(Supplied records begins)
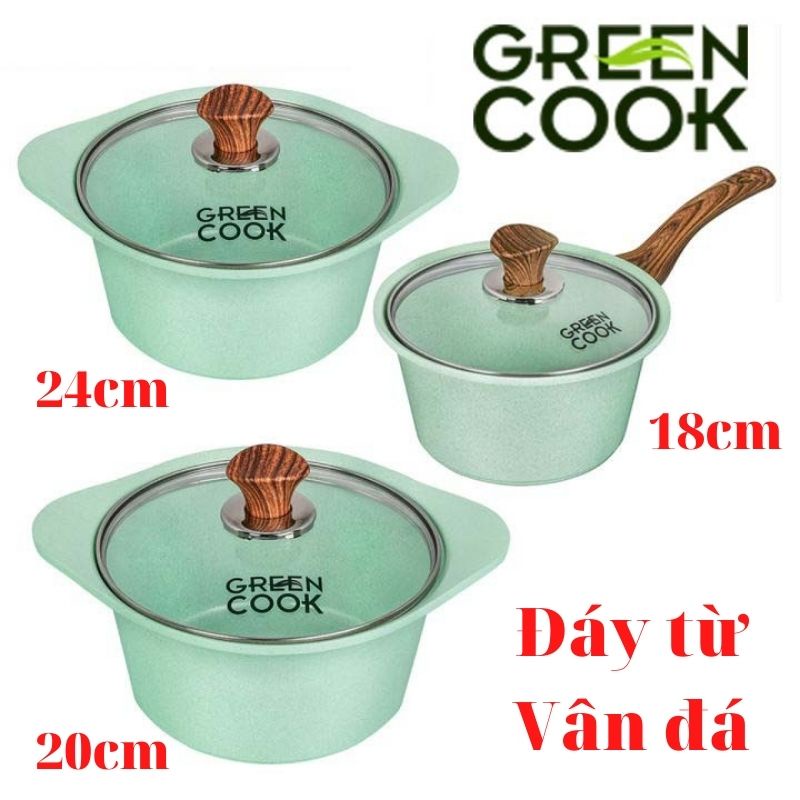 Nồi đúc Green Cook chống dính đáy từ men đá xanh ngọc công nghệ Hàn Quốc (18-20-24cm) - Hàng chính hãng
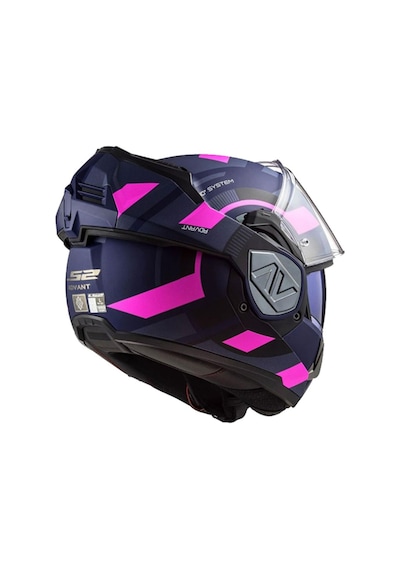 Ls2 Advant Velum Çene Açılır Motosiklet Kaskı Mat Mavi - Pembe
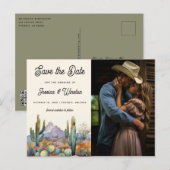 Moderne Desert Cactus Foto Bewaar de Datum Briefkaart (Voorkant / Achterkant)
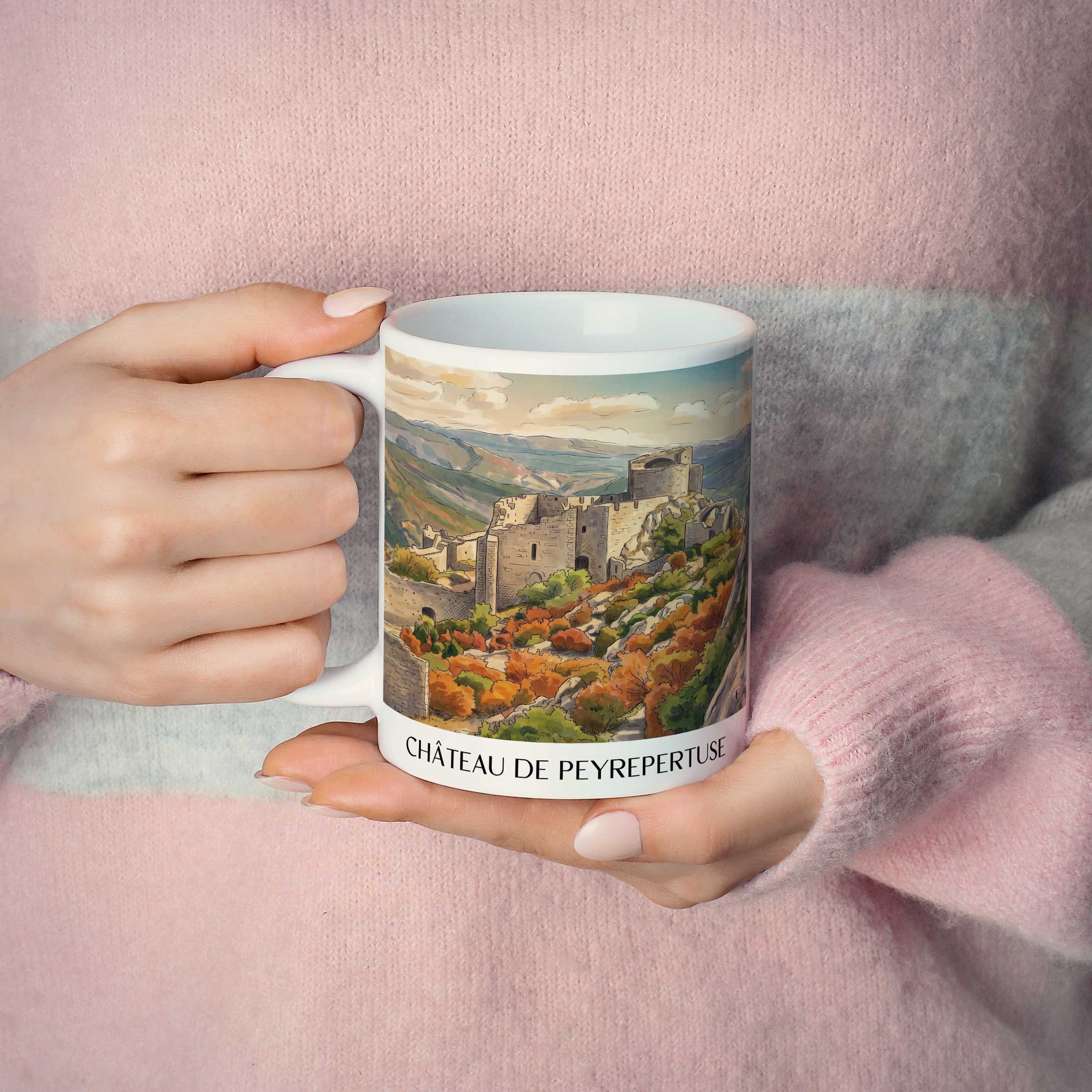 château-de-peyrepertuse-pays-cathare-frankreich-kaffeebecher-aquarell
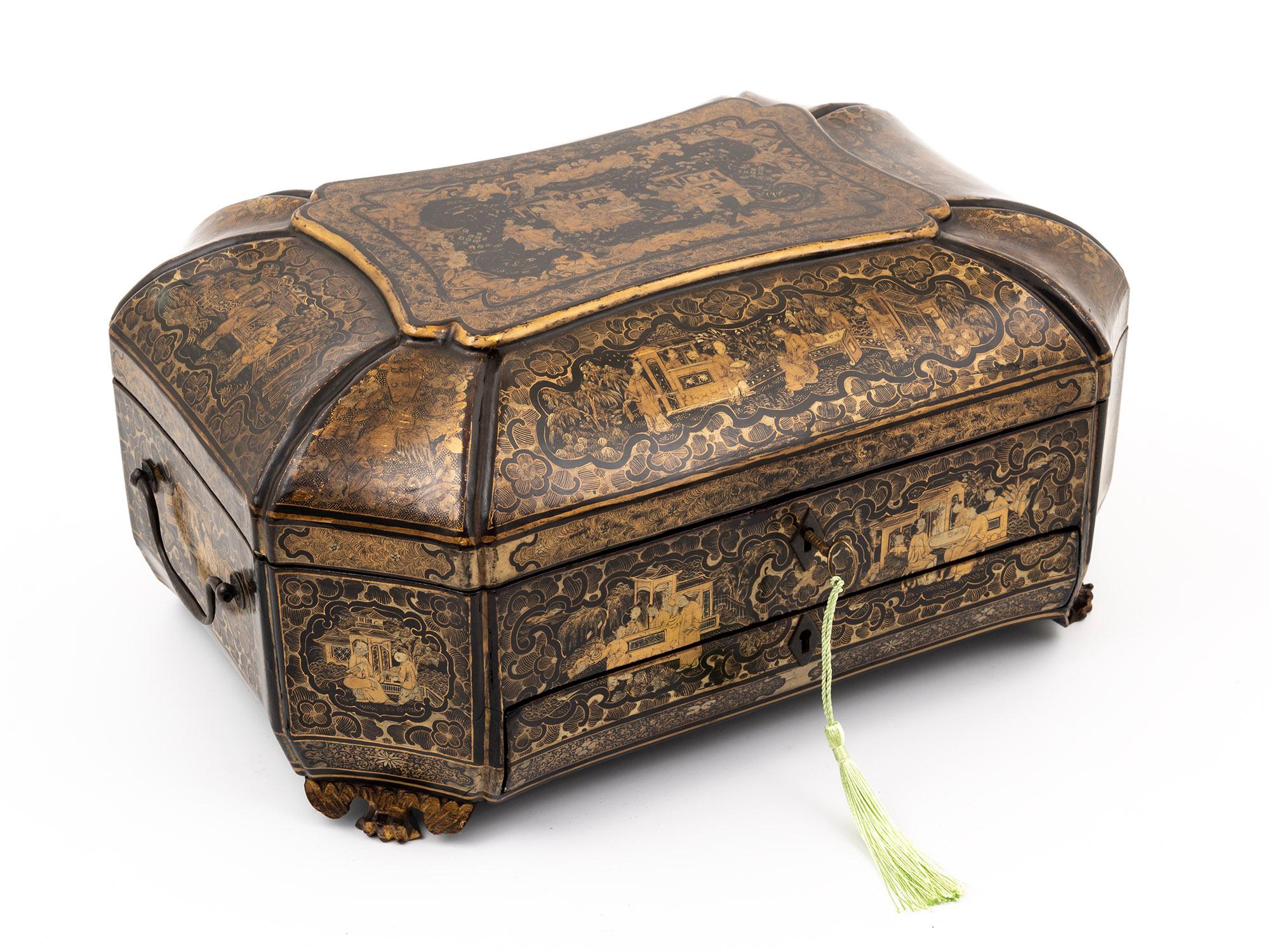 19th Century Antique Chinese Sewing Box For Sale 8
(Supplied records ends)
The entries are to be reproduced exactly, excluding any pictures they contain.

 Nồi đúc Green Cook chống dính đáy từ men đá xanh ngọc công nghệ Hàn Quốc (18-20-24cm) - Hàng chính hãng
 Ls2 Advant Velum Çene Açılır Motosiklet Kaskı Mat Mavi - Pembe
 Moderne Desert Cactus Foto Bewaar de Datum Briefkaart (Voorkant / Achterkant)
 château-de-peyrepertuse-pays-cathare-frankreich-kaffeebecher-aquarell
 19th Century Antique Chinese Sewing Box For Sale 8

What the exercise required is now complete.